ZSC Lions, Peter Zahner, CEO

 

"Je suis satisfait d'avoir vu la Ligue réagir tout de suite via la mise sur pied d'une enquête. D'après ce que je sais, les protagonistes vont devoir s'expliquer cette semaine encore. Quennec devra fournir des renseignements et, en fonction de ceux-ci, il faudra voir quel sera le comportement de la Ligue. Mais si ce que l'on raconte s'avère exact, ce serait un scandale. Des soupçons existent depuix longtemps, on nous a toujours dit : "Ne vous en faites pas, tout est en ordre". Si le contraire venait à être prouvé, ce serait autant incroyable qu'inacceptable"

 

Lugano, Jean-Jacques Aeschlimann, manager

 

"Nous avons pris connaissance du communiqué de la Ligue, envoyé vendredi après la conférence de presse de Lausanne. Au-delà de ça, il m'est difficile de prendre position en ne connaissant pas tous les tenants et aboutissants du dossier. Il convient d'attendre le résultat de l'enquête menée par la Ligue. Son boulot, c'est de faire respecter des règlements. Si ceux-ci ont été violés, eh  bien, il conviendra de prendre les mesures qui seront jugées adéquates"

 

FR Gottéron, Raphaël Berger, directeur général

 

"A un moment donné, la transparence vis-à-vis de l'actionnariat d'un club doit être exigée. Il n'est pas acceptable qu'une personne possède deux clubs différents. Mais il convient aussi d'être prudent.
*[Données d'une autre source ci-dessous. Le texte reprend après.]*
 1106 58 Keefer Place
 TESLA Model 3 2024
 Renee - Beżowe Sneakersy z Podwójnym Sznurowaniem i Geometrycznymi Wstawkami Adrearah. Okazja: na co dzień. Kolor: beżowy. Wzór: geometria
Qu'en est-il si on parle d'une holding ou d'un fonds d'investissement ? Comment savoir qui se cache réellement derrière ? Les règlements d'une Ligue, quelle qu'elle soit, seront toujours inférieurs à ceux en vigueur dans la justice civile. Ce qu'il y a d'étonnant dans ce cas, c'est que l'affaire éclate en même temps que les discussions vont bon train au sujet de la nouvelle patinoire"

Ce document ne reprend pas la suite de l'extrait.